Students, Faculty Vie for March Madness Glory
For the fourth time in five years, several students and teachers at Friends Select submitted brackets to the FSS Bracket Challenge.
In any March Madness competition, participants make predictions for the NCAA Men’s Division One Basketball Tournament and then compare their accuracy, often through a computer algorithm. In 2017, approximately 70,000,000 people completed at least one bracket. The tournament has 64 teams; in each round, half of the remaining teams are eliminated.
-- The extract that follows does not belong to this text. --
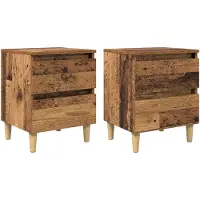 vidaXL Meubles de lit avec tiroir 2 pcs Bois Ancien 40 x 35 x 50 cm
Through the first two rounds, Elliot Forman leads all 33 challenge entrants with 46 out of 64 possible points. Behind Elliot are Associate Upper School Director Erin Pratt (41), Zion Todd ‘22 (40), and Lucy Doss ‘21. Because participants must predict the entire bracket before the tournament begins, some brackets are currently competitive but have little chance of retaining their high spots.
Elliot, whose bracket ranks in the top 1,000 across the United States, took a direct approach to his bracket. “I picked my Final Four by going round by round and just picking who I thought would win. I knew some things about strategy but there were some picks where I just had a gut feeling,” he says.
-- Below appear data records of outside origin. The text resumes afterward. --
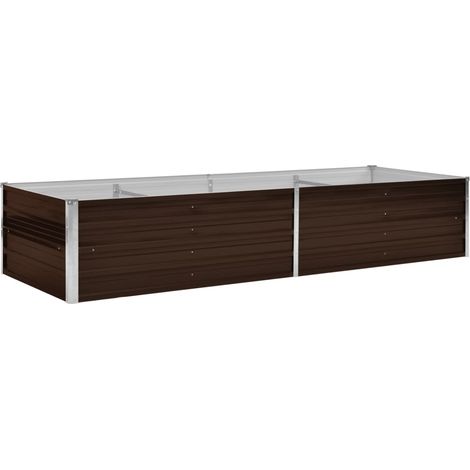 Fioriera rialzata per piante e fiori giardino 240 x 80 x 45 cm acciaio zincato marrone 020001218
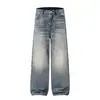 Yidao Vintage 2026 Primavera Streetwear Americano Retrô Desgastado Lavado Solto Casual Jeans Calça Longa Masculina Calça Reta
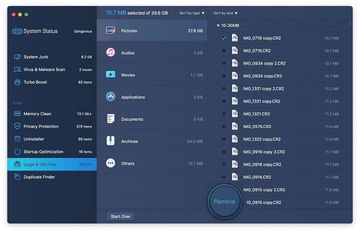 MacBooster 8 spots large and old files on Mac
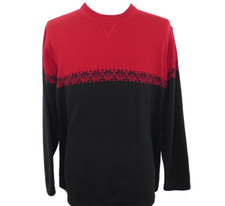 Womens Eddie Bauer Colorblock Red Black Fair Isle Crewneck Sweater Large Japan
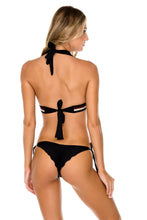 LA GIRALDA - Halter Top & Wavy Ruched Back Brazilian Tie Side Bottom • Black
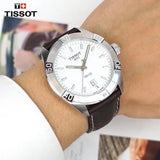 Buy Shop Tissot PR 100 Sport Silver Dial Brown Leather Strap Watch For Men - T101.610.16.031.00 USA Online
Participants’ selections were influenced by everything from statistics to fondness for specific logos. “Sometimes I made picks on gut feelings and personal preferences, but sometimes it was just an experience or how I feel about a particular college or university,” says Erin.
Several community members’ brackets were busted by a number of stunning early-round upsets: surprise losses from Illinois, Texas, and Ohio State eliminated many competitors’ predicted champions. However, students and teachers who selected prominent teams like Gonzaga and Baylor are still in good standing.
Previous champions include Mia Cohen ‘21 (2019), Henry Fogg ‘22 (2018), and Zachary Levine ‘22 (2017). This year, though, past success does not indicate high performance: Mia, Henry, and Zachary have little chance of winning.
Although many participants are generally uninterested in sports, the entertaining and straightforward nature of the NCAA tournament is a compelling draw. “I don’t follow basketball in the slightest, but I always watch March Madness,” says Lucy Doss ‘21, who currently sits in third place. “The brackets more or less come down to luck, so you don’t need to know jack about the sport.”